+++ GIVEN DATA
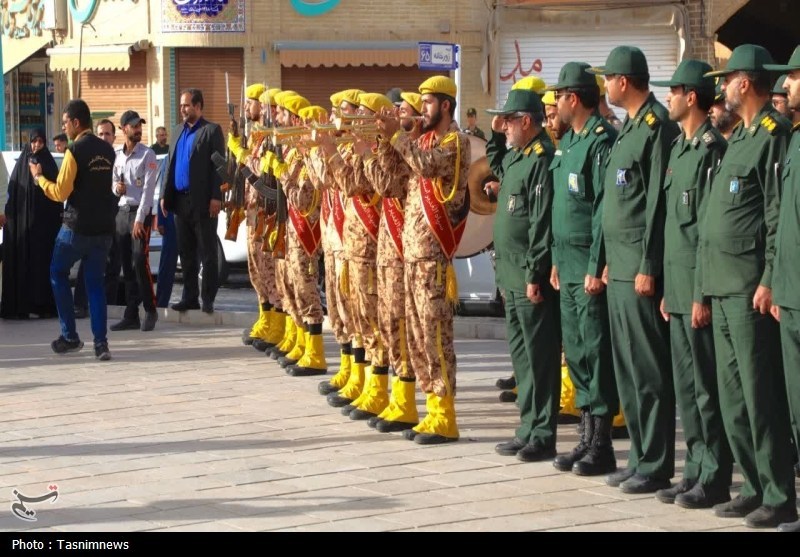 مهمانی لاله‌ها در یزد؛ ادای احترام به مقام شهدا در هفته دفاع مقدس+تصویر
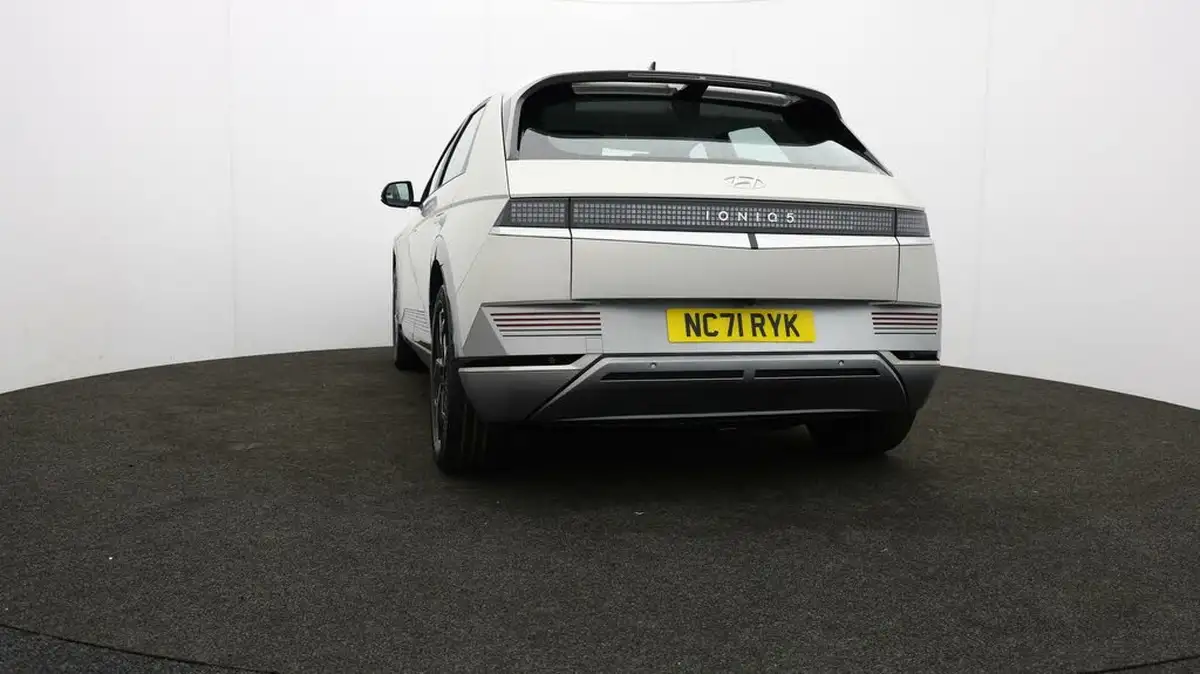 2021-hyundai-ioniq-5-e-premium-170ps-58kwh-rwd-big-23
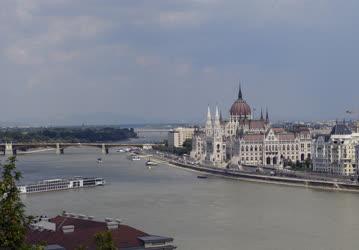 Városkép - Budapest - Parlament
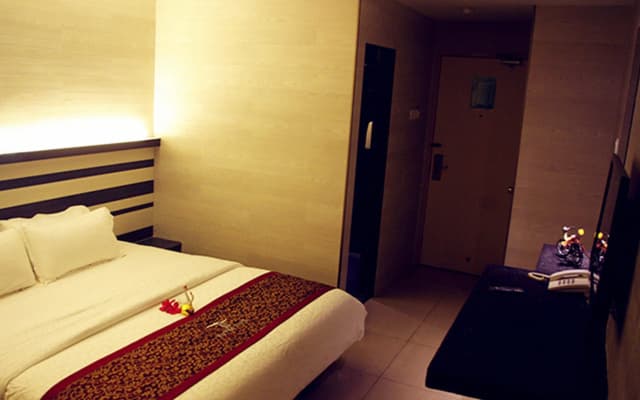Hotel Time Johor Bahru - photo 2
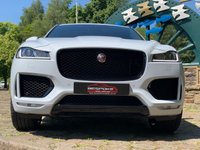 USED 2020 70 JAGUAR F-PACE 2.0 CHEQUERED FLAG AWD 5d 178 BHP HUGE SPEC - 'CHEQUERED FLAG LIMITED EDITION' - AWD - TURBO DIESEL - AUTOMATIC - FULL PREMIUM ELEC/HEATED LEATHER - PANORAMIC GLASS ROOF - 1 PRIVATE OWNER - FULL J/L/R SERVICE HISTORY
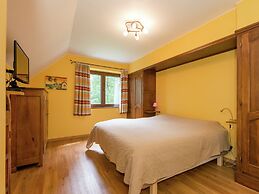 Tenneville Villa With Sauna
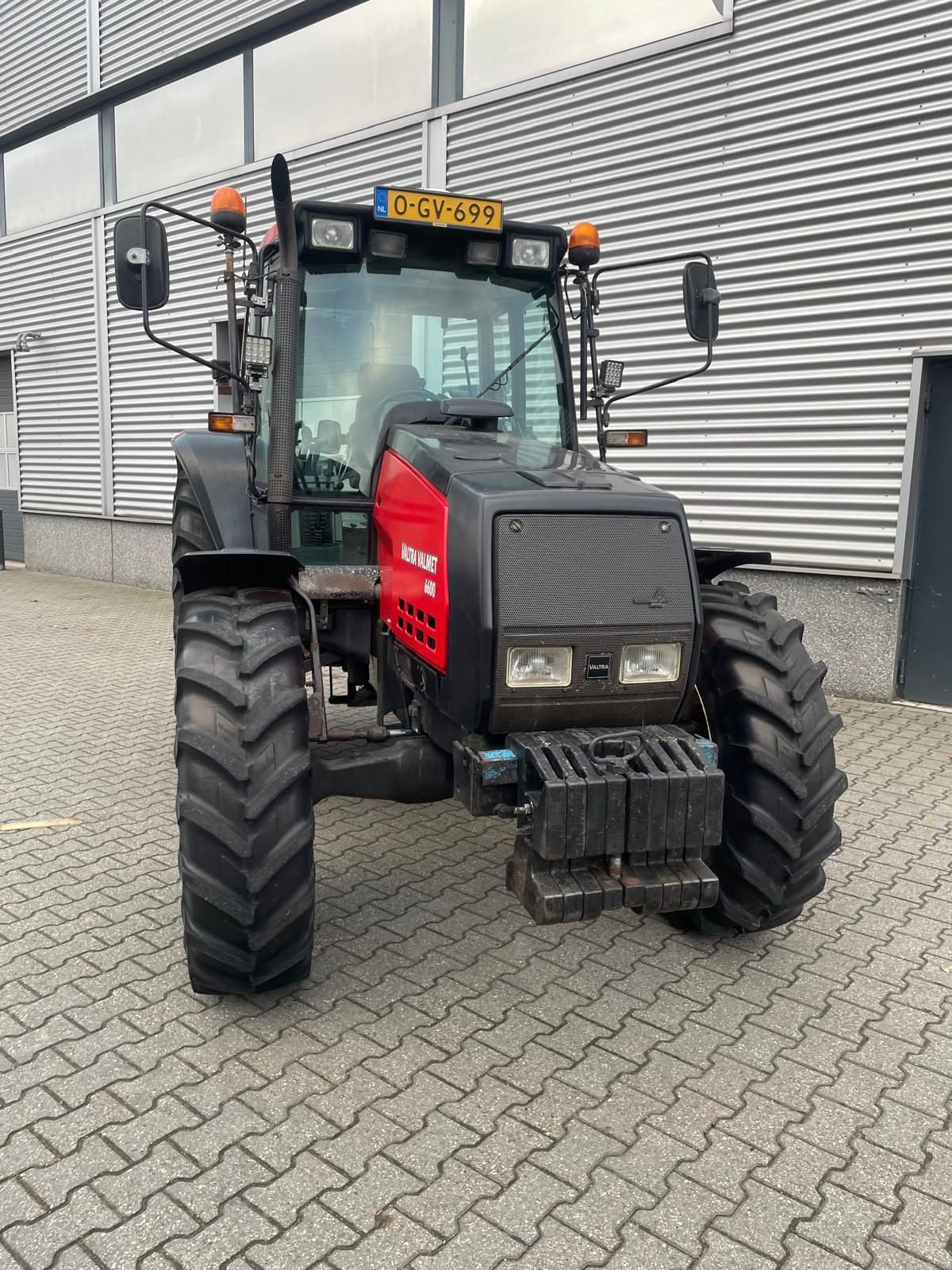 Traktor Türe ait Valtra 6600, Gebrauchtmaschine içinde Roermond (resim 3)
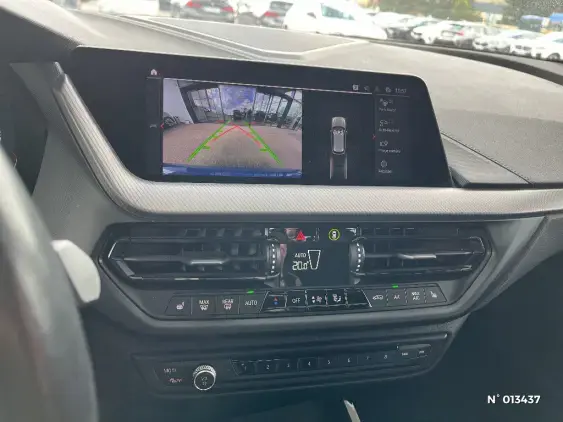 BMW SERIE 1 F40 - voiture d'occasion - Photo 11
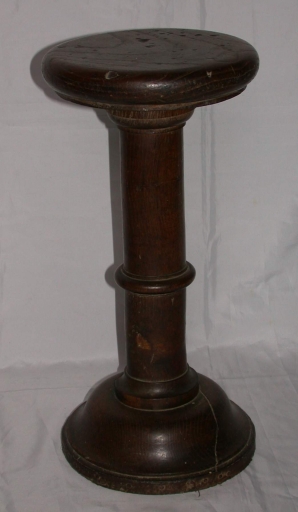 Série 2 de 4 tabourets d'église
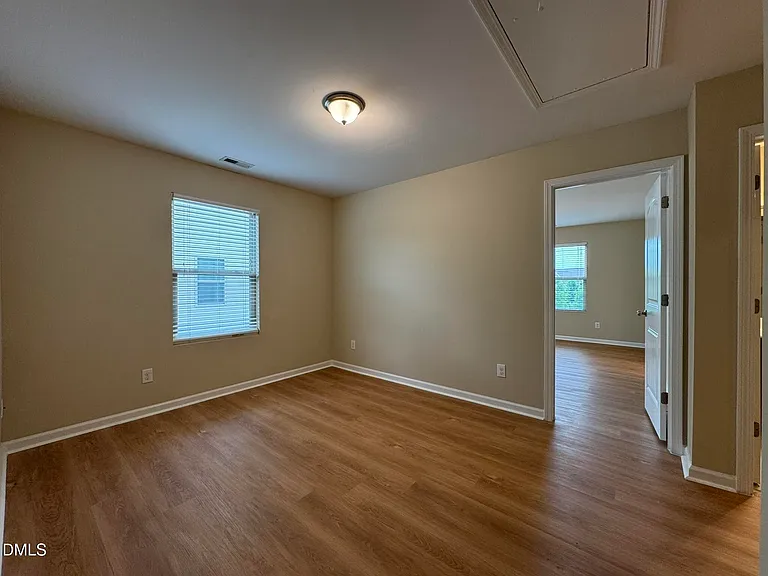 4478 Middletown Dr — Photo 19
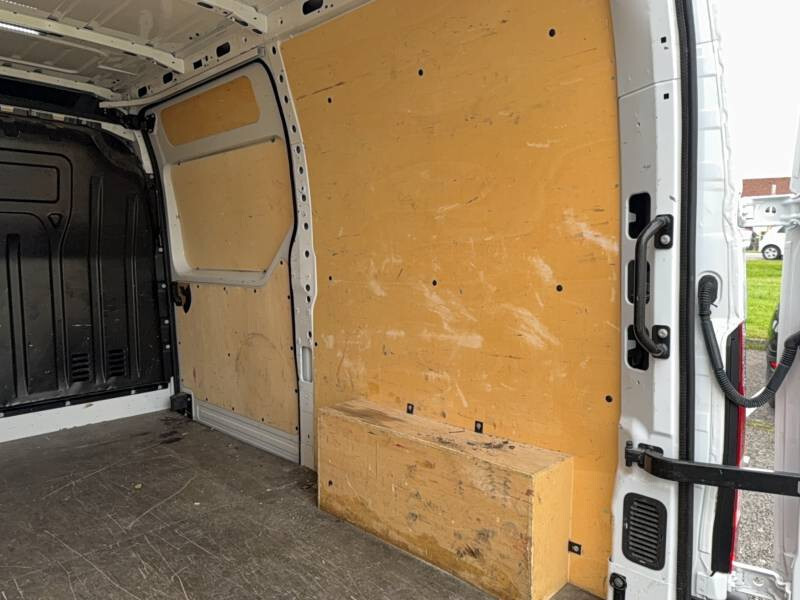 Renault Master III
++++++
● TASK INSTRUCTIONS:
Give back exactly the lines from the line with "Tenneville Villa With Sauna" through the final line of the entries above, and keep pictures out of the copy.

● FINISHED EXERCISE:
 Tenneville Villa With Sauna
 Traktor Türe ait Valtra 6600, Gebrauchtmaschine içinde Roermond (resim 3)
 BMW SERIE 1 F40 - voiture d'occasion - Photo 11
 Série 2 de 4 tabourets d'église
 4478 Middletown Dr — Photo 19
 Renault Master III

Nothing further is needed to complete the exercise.